Ese día Ana Vanessa decidió acompañar a Francisco. Dejó a sus hijos adolescentes, a cargo de su mamá. El día 2 de septiembre les habló por teléfono y les mandó dinero, dijo que era muy pesado el viaje en el camión, y que se regresaría al día siguiente en un autobús. Pero ya no regresó.
Al ver que no saber de ella. Ángel, el hijo mayor comenzó a preguntar por Francisco y Ana a otros camioneros, incluso fue caminando hasta la empresa situada en la salida a Manuel Doblado y le dijeron que no sabían nada. Fueron semanas de angustia, hasta que el pasado jueves recibió esa llamada: “¿Sabías que Pancho se mató en un accidente?… ah, y tu mamá también”.
“NADIE NOS QUISO DECIR”

Aunque no sabe cómo van a solventar los gastos funerarios y el traslado del cadáver, Mariana no exige dinero. Dice estar dolida por el hecho de que dejaron abandonado el cuerpo de Ana Vanessa. “Cuando menos, por humanidad nos hubieran avisado que estaba muerta. Pero nadie nos quiso decir”.
Al preguntar entre otros camioneros, uno de ellos dijo tener conocimiento de que había ocurrido un accidente. Buscaron en internet, y encontraron una nota que decía: “Un trágico accidente de tránsito cobró la vida de dos personas, luego de que el camión en el que viajaban volcara sobre la carretera La Puerta–Sultepec, a la altura del paraje conocido como El Llano de la Loba”.
De acuerdo con la nota periodística, “el tractocamión de la marca Freightliner, tipo torton con caja seca, color rojo, que transportaba costales de alimento, perdió el control presuntamente debido al pavimento mojado, saliéndose de la cinta asfáltica y cayendo a una zanja de aproximadamente dos metros de profundidad. Paramédicos localizaron a los dos tripulantes dentro de la unidad; sin embargo, ya no contaban con signos vitales, pues ambos quedaron prensados entre los fierros retorcidos”.
LES IMPORTÓ MÁS EL CAMIÓN
Dentro del drama por la muerte de la mujer y su pareja, crece la indignación, la impotencia y hasta el coraje. Resulta que, al indagar sobre lo ocurrido, los familiares de Ana Vanessa fueron informados por la policía de Tejupilco, en el Estado de México, que, al día siguiente del percance, la compañía de seguros contratada por el dueño del camión inició las gestiones para reponer los daños ocasionados al vehículo.
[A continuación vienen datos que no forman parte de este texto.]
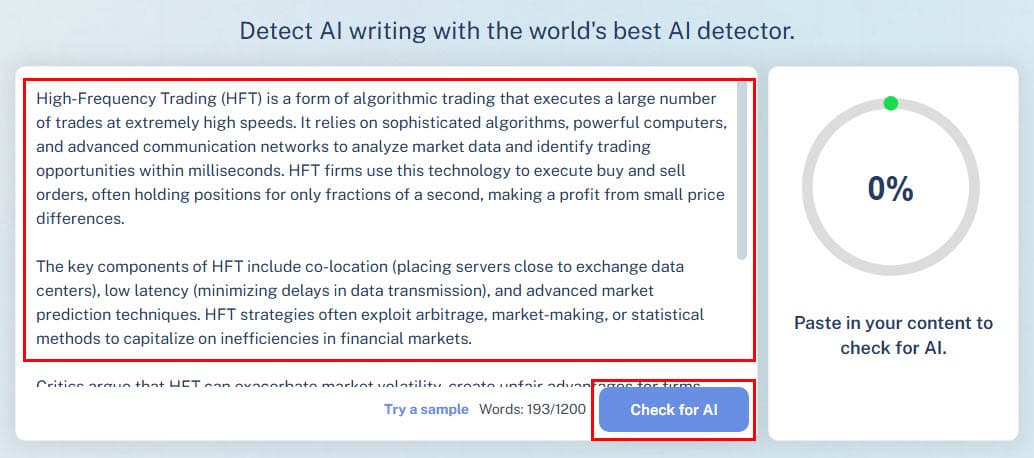 check for ai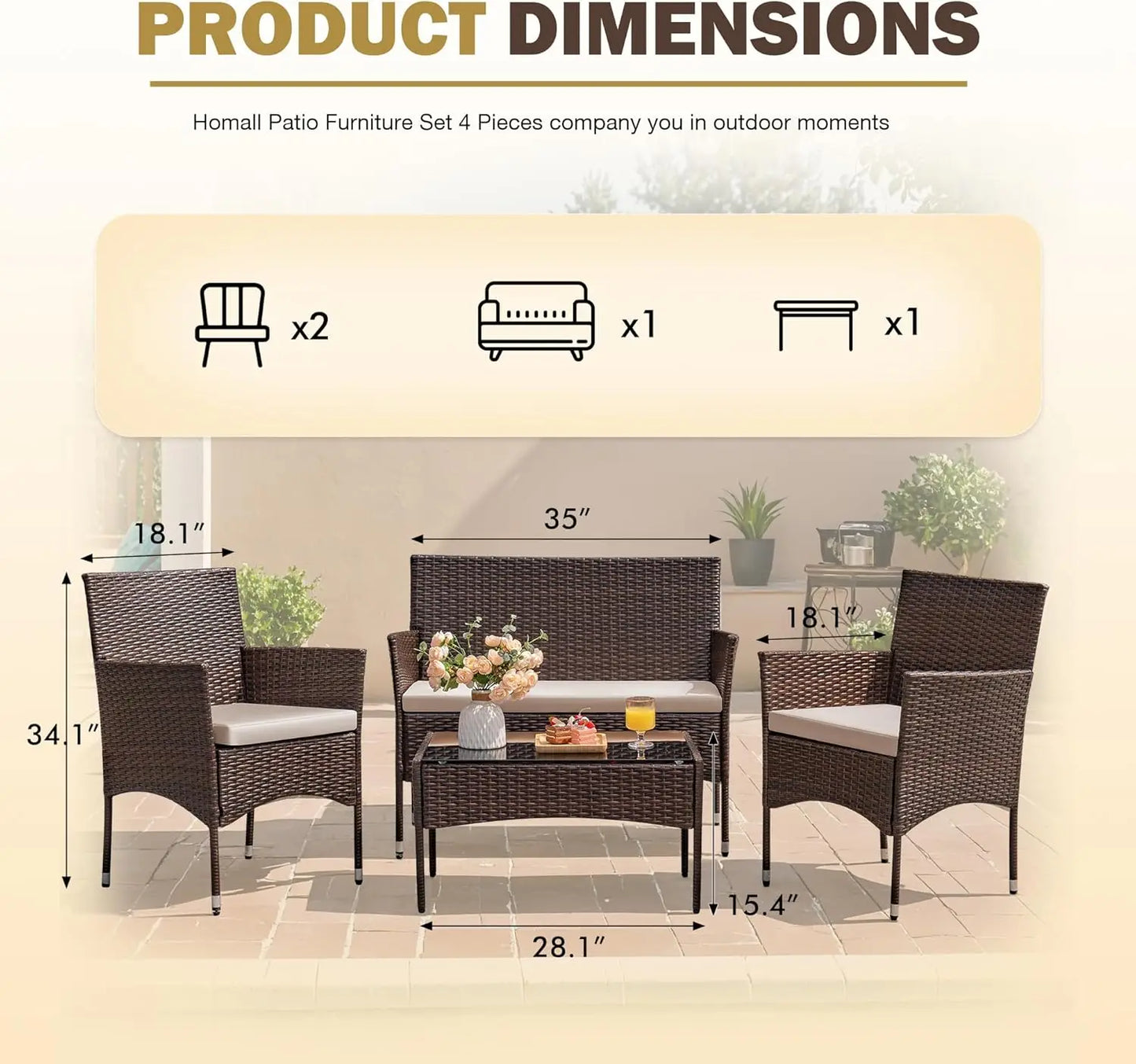 Outdoor 4 Piece Rattan Wicker Patio Set For Garden Porch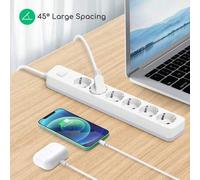 Shein Aigostar Regleta Enchufes, Alargador Enchufe de 6 Enchufes con Interruptor, Cable de 3 Metros, Blanco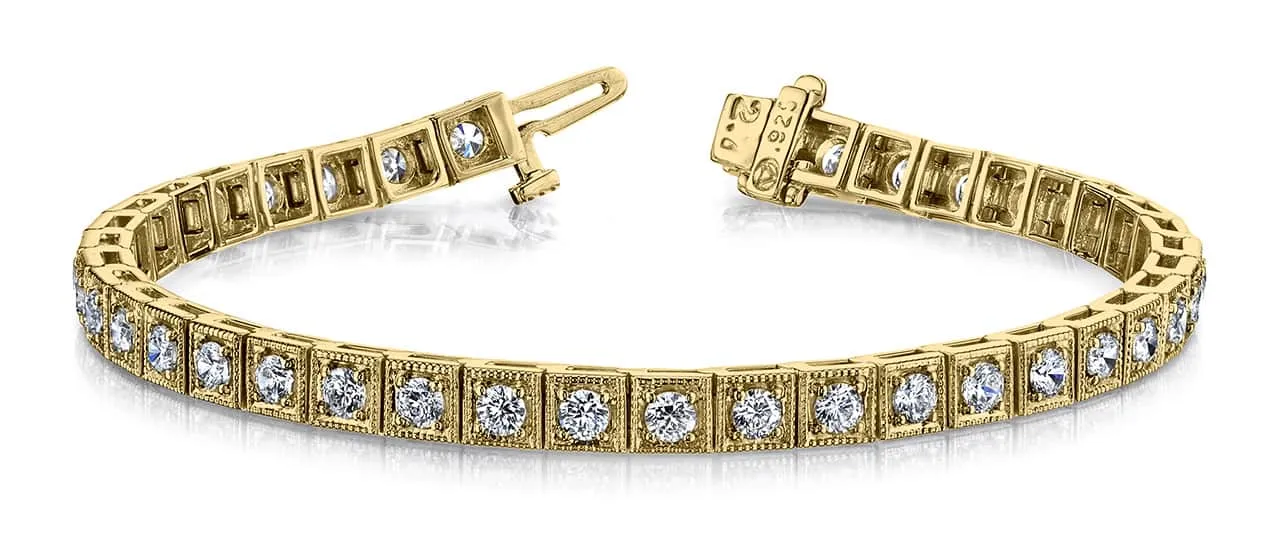 Diamond Square Link Diamond Bracelet with 1.49 ct.(finished) 2mm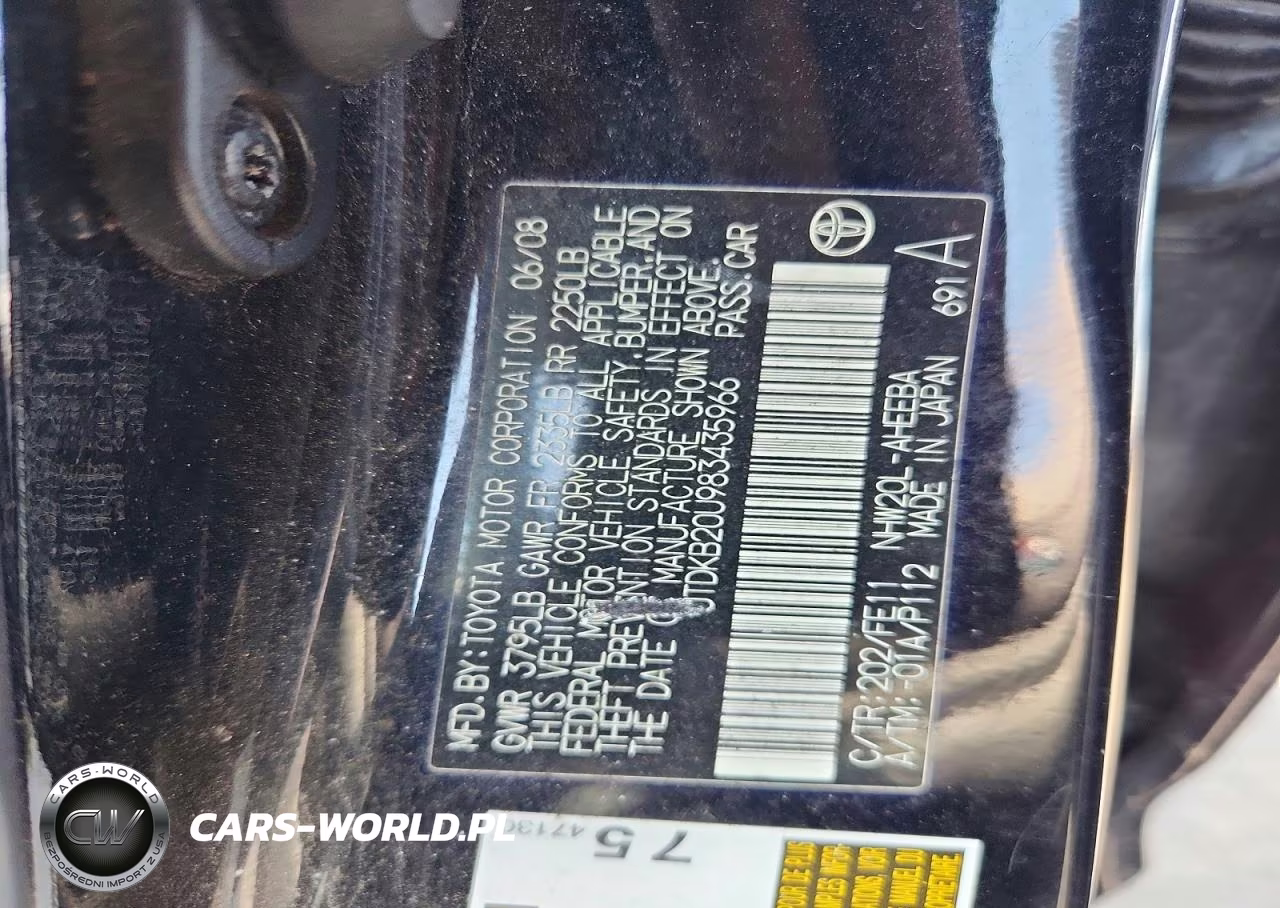 2008 Toyota Prius Base VIN:JTDKB20U983435966 - 12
También se presentó el personal de la empresa contratante y reclamó la mercancía (croquetas para perros). Se desconoce bajo que protocolos fue liberado el camión y la mercancía si es que existía una carpeta de investigación por el deceso de las dos personas.
“Nos dimos cuenta que fueron hasta el lugar del accidente, vieron como quedó el camión y realizaron todos los trámites del seguro. Pero nadie se acordó de los fallecidos. Ni por humanidad nos avisaron”, dijo Mariana H., tía de Ana Vanessa.
También, dijo haberse percatado de que el cuerpo de Francisco ya fue reclamado por sus familiares y hasta le dieron sepultura. Solo el cadáver de Ana Vanessa sigue en la morgue de Tejupilco, a dos horas de Toluca.
Dijo que pedirá ayuda al DIF municipal de La Piedad para que le asesoren sobre como trasladar el cuerpo de la mujer y darle cristiana sepultura.